Usted podría preguntarse: ¿Y si mis logros académicos no son precisamente “estelares”? A la graduación se le llama “commencement” (comienzo, en inglés), lo que ilustra la actitud del Señor hacia nosotros: Él es el Dios de las segundas oportunidades (Jonás 3:1). Cuando confesamos y nos arrepentimos de nuestros pecados, el Señor nos perdona de acuerdo con Su promesa, y hace borrón y cuenta nueva (1 Juan 1:9). Aunque es posible que los maestros nos olviden, nuestro Padre celestial siempre nos recordará. El mismo Dios que recuerda a Sus hijos para siempre, olvida sus transgresiones (Isaías 49:15, 16; Salmo 103:12).

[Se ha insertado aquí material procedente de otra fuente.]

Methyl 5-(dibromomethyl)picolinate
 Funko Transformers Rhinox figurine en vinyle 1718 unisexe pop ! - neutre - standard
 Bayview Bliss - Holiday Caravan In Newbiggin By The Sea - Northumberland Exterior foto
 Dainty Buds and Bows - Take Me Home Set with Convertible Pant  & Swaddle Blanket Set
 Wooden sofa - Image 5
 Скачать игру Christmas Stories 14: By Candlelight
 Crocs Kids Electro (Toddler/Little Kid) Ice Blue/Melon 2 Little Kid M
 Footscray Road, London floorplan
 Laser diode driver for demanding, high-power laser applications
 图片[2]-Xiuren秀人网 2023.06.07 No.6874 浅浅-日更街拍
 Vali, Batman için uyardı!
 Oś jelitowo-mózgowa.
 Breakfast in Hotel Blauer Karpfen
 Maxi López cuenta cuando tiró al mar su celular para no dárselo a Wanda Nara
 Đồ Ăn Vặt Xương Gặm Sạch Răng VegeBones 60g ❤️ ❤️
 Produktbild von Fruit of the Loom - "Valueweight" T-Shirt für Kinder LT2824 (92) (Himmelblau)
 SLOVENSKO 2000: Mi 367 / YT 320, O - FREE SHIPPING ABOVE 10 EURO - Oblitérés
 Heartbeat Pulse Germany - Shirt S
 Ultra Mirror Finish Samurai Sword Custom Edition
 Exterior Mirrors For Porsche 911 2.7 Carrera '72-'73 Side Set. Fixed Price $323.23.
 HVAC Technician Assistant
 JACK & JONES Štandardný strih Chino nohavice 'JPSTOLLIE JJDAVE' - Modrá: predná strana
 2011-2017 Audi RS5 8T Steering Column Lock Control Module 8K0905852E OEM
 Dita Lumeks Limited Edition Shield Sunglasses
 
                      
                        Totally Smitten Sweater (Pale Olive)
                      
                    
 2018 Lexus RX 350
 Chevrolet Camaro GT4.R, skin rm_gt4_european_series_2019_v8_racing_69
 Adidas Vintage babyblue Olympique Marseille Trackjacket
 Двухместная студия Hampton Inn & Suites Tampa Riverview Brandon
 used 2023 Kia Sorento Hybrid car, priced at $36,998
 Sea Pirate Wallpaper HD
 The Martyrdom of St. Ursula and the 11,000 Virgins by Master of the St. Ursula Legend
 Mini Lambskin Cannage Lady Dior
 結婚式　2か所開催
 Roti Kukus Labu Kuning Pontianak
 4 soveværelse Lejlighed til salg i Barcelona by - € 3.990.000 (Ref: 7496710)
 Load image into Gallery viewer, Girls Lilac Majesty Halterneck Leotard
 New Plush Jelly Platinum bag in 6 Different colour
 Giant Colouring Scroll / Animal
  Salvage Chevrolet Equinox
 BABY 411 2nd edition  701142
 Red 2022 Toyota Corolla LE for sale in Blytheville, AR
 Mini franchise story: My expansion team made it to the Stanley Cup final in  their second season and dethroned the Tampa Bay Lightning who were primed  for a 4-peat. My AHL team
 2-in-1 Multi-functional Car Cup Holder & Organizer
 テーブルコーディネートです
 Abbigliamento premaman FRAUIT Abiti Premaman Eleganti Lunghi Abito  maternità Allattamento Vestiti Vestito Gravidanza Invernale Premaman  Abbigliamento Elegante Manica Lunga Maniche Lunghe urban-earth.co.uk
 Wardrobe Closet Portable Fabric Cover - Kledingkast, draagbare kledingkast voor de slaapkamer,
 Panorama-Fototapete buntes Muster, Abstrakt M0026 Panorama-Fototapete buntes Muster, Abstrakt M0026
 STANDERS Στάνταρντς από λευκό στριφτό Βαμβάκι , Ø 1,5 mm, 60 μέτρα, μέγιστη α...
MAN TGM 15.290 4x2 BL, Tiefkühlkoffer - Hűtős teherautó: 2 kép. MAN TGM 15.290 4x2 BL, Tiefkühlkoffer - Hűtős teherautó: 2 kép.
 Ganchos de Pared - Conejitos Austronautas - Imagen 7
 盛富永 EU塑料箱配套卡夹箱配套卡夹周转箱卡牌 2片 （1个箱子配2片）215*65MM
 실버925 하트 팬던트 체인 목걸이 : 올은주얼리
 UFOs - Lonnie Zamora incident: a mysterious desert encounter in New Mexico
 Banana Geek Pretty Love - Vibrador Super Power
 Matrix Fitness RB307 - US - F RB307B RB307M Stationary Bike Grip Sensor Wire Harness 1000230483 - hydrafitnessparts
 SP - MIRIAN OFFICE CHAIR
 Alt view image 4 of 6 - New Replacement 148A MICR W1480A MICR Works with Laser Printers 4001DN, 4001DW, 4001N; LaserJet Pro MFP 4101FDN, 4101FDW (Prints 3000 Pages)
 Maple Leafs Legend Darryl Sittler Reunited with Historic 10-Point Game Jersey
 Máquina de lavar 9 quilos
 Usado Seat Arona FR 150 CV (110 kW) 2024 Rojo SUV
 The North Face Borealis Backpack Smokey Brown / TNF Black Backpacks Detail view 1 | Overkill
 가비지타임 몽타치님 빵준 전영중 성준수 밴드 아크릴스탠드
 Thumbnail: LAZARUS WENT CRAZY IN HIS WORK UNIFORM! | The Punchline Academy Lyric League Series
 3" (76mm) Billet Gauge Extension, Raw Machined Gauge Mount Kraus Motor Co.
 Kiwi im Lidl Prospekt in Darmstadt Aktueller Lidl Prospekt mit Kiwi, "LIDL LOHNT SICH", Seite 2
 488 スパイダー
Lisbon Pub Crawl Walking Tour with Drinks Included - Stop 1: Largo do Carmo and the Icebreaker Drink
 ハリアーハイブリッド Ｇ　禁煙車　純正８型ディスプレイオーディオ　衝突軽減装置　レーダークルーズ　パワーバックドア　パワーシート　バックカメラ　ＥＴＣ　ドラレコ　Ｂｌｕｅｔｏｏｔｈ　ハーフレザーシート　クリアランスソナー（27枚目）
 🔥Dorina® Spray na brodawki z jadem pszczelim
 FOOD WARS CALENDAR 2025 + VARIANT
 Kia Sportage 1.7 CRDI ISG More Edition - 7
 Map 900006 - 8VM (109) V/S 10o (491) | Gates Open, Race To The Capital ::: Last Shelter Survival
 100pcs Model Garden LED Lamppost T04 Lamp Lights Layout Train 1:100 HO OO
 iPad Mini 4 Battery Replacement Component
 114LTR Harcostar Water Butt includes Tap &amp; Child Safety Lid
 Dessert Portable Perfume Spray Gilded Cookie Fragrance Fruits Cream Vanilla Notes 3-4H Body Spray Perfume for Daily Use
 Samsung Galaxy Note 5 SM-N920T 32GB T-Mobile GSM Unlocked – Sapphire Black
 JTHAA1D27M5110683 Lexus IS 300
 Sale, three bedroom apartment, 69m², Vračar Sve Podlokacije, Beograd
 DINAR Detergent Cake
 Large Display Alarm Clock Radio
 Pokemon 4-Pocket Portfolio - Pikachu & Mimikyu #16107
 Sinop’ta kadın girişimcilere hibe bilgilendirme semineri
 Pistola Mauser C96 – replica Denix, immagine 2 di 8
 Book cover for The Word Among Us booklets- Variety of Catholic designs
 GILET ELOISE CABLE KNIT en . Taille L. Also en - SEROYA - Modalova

Decimos que un bebé llora cuando viene al mundo, mientras que los demás sonríen; pero debemos vivir de tal modo que, cuando muramos, seamos nosotros los que sonriamos, mientras que los demás lloren. Al terminar nuestros días en la tierra, los títulos y los grados no significan nada, pero cualquier influencia positiva que hayamos tenido sobre los demás, tiene el potencial de transformar las vidas para el futuro.

Cuando estuve en la secundaria, no aprendí la lección en cuanto al verdadero éxito porque estaba concentrada en mis propios esfuerzos y en la opinión de mis compañeros. Pero hay una prueba, una en la que es necesario completar la respuesta, un examen final, por así decirlo. Sus parámetros son diferentes a los que yo creía: Jesús los resumió en amar a Dios de todo corazón, y al prójimo como a uno mismo (Mateo 22:36-40). La prueba tendrá sólo una pregunta para completar: “Cuando usted se gradúe de esta vida, será recordado por _____”.